If you dechlorinate the dip water with a sodium thiosulfate product, be sure to use an airstone to aerate it for at least one hour before administering the dip. This is because the sodium thiosulfate depletes the water of oxygen and the dip water must therefore be oxygenated before its suitable for your seahorse(s).
Observe the horse closely during the dip. You may see some immediate signs of distress or shock. Sometimes the horse will immediately lie on its side on the bottom. That’s a fairly common reaction — normal and to be expected, rather than a cause for concern, so don’t be alarmed if this happens. Just nudge or tap the seahorse gently with your finger if it lies down on its side. Normally, the seahorse will respond to the slight nudge by righting itself again and calm down for the duration of the dip. However, if it does not respond, stop the treatment.
Most seahorses tolerate the treatment well and experience no problems, but if you see continued signs of distress — twitching, thrashing around etc. — stop the treatment.
After you have completed the dip and returned the seahorses to the aquarium, save the dip water and examined it closely for any sign of parasites. The change in osmotic pressure from saltwater to freshwater will cause ectoparasites to lyse (i.e., swell and burst) or drop off their host after 7-10 minutes, and they will be left behind in the dipping water. Protozoan parasites are microscopic and won’t be visible to the naked eye, but some of the other ectoparasites can be clearly seen. For example, monogenetic trematodes will appear as opaque sesame seeds drifting in the water (Giwojna, Aug. 2003) and nematodes may be visible as tiny hairlike worms 1/16-3/16 of an inch long. Other parasites may appear as tiny dots in the water. Freshwater dips can thus often provide affected seahorses with some immediate relief by ridding them of these irritating pests and can also aid their breathing by flushing out gill parasites.
A freshwater dip or other treatment for your Sunburst is not indicated at this time. Just keep a close eye on them for any other symptoms or signs of a problem, as you have been doing so diligently, Haynes, and I’m sure they will be fine. At least you should have a better idea of what to look for now should ectoparasites ever become a concern for your seahorses.

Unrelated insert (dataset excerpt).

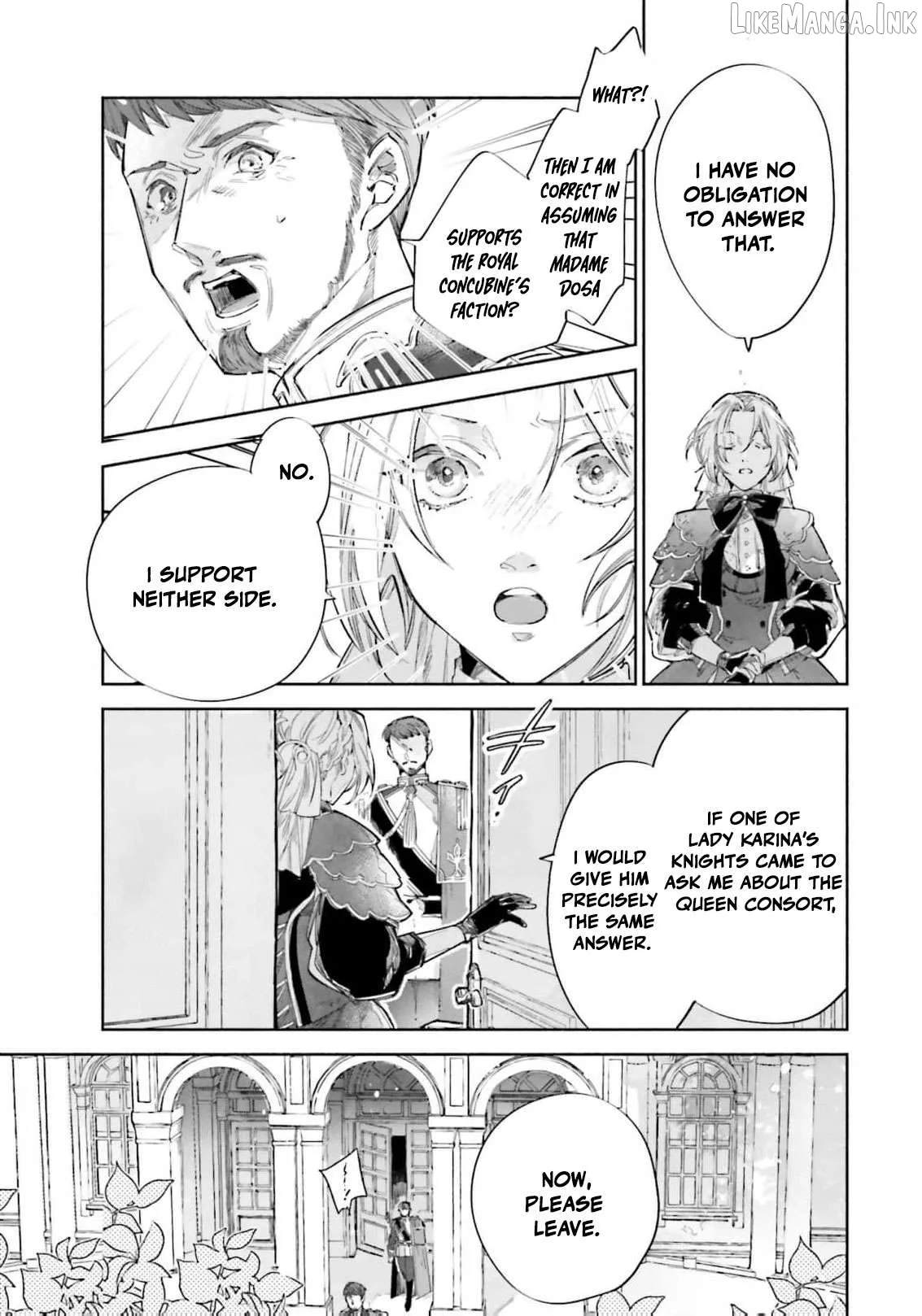 The Noble Lady of the Doomed House Chapter 36 page 8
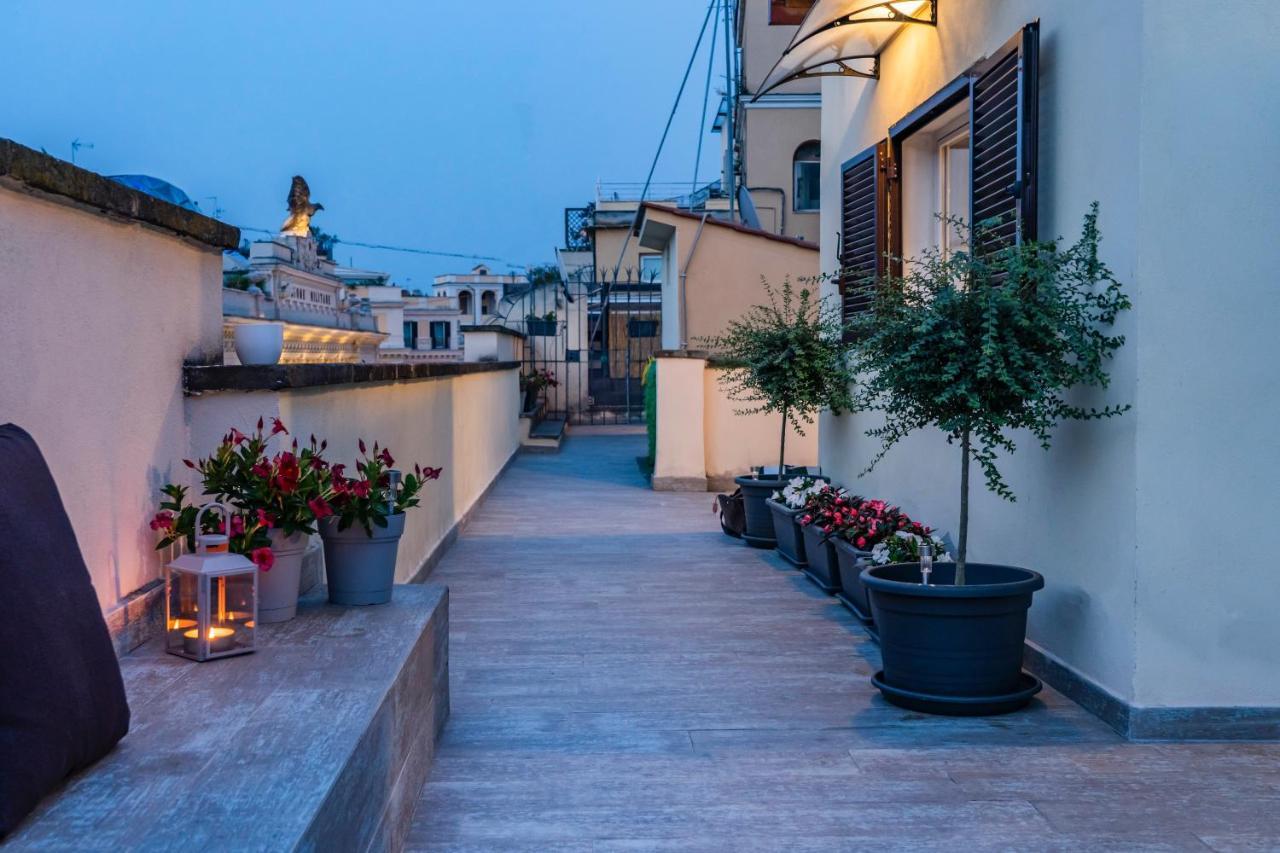 Ag Spanish Steps Terrace 로마 외부 사진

There is a new disease book on seahorses that you would find very informative, Haynes. Dr. Martin Belli, Marc Lamont, Keith Gentry, and Clare Driscoll have done a terrific job putting together "Working Notes: A Guide to the Diseases of Seahorses." Hobbyists will find the detailed information it contains on seahorse anatomy, the latest disease diagnosis and treatment protocols, and quarantine procedures to be extremely useful and helpful. It has some excellent dissection and necropsy photos as well as a number of photos of seahorses with various health problems. This is one book every seahorse keeper should have in his or her fish-room medicine cabinet, and I highly recommend it! In time of need, it can be a real life saver for your seahorses. (Of course, it discusses parasitic copepods, Argulus sea lice, and all of the other usual internal and external parasites.) It’s available online at the following web site:
Click here: Working notes: a guide to seahorse diseases > books > The Shoppe at Seahorse.org | CafePress
Best wishes with all of your fishes, Haynes!